* [REQUIREMENT] Could you give the number of lines in the entries below that contain the word "Women"? Only the number is wanted.

* [RECORDS TO PROCESS]
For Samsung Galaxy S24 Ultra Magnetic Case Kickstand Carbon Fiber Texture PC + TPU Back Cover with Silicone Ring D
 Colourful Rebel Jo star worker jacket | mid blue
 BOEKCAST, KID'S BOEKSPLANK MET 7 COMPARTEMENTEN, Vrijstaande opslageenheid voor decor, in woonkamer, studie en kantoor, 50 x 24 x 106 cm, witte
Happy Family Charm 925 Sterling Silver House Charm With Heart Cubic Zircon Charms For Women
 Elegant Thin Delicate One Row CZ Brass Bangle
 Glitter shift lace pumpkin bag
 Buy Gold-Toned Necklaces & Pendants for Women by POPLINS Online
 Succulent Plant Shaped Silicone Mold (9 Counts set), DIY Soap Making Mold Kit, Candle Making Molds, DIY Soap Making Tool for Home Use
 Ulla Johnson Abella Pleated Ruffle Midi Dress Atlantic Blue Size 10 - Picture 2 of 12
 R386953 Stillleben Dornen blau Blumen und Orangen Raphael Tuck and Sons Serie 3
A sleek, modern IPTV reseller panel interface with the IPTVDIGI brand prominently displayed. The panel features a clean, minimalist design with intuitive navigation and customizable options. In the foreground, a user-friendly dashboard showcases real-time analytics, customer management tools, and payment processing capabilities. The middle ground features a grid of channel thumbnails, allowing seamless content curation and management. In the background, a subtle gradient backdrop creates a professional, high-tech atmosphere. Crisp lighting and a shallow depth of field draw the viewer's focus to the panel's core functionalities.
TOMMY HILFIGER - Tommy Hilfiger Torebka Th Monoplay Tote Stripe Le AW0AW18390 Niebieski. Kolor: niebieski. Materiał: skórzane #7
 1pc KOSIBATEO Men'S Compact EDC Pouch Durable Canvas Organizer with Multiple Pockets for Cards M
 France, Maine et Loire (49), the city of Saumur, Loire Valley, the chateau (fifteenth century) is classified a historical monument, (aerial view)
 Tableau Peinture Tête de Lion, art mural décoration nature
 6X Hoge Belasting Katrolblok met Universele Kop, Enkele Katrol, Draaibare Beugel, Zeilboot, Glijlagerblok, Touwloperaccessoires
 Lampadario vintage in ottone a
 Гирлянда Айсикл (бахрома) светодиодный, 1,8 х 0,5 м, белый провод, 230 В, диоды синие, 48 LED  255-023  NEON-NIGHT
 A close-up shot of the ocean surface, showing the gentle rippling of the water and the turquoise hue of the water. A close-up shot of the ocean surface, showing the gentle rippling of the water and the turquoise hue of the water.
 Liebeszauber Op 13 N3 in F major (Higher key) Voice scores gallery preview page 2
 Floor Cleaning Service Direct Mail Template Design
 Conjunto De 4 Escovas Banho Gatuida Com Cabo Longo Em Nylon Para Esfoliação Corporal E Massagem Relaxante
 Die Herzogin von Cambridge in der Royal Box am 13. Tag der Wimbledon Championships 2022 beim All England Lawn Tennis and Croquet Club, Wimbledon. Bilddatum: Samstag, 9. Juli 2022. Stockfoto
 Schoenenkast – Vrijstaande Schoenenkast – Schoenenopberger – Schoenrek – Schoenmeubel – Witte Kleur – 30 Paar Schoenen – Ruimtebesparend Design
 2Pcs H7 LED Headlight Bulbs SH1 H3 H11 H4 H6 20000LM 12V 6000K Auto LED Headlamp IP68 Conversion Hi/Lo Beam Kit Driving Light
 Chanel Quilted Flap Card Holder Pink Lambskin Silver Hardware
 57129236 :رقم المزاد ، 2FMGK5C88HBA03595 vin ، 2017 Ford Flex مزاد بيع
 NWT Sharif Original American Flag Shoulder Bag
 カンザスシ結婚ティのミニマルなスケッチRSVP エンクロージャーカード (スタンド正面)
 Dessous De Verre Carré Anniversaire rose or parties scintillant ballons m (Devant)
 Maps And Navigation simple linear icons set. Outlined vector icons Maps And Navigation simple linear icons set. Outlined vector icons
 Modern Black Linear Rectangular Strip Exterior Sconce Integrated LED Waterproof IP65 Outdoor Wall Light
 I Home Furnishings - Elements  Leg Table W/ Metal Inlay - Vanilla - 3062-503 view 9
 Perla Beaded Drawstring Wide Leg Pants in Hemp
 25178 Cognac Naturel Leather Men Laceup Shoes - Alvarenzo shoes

* [TASK ANSWER] 2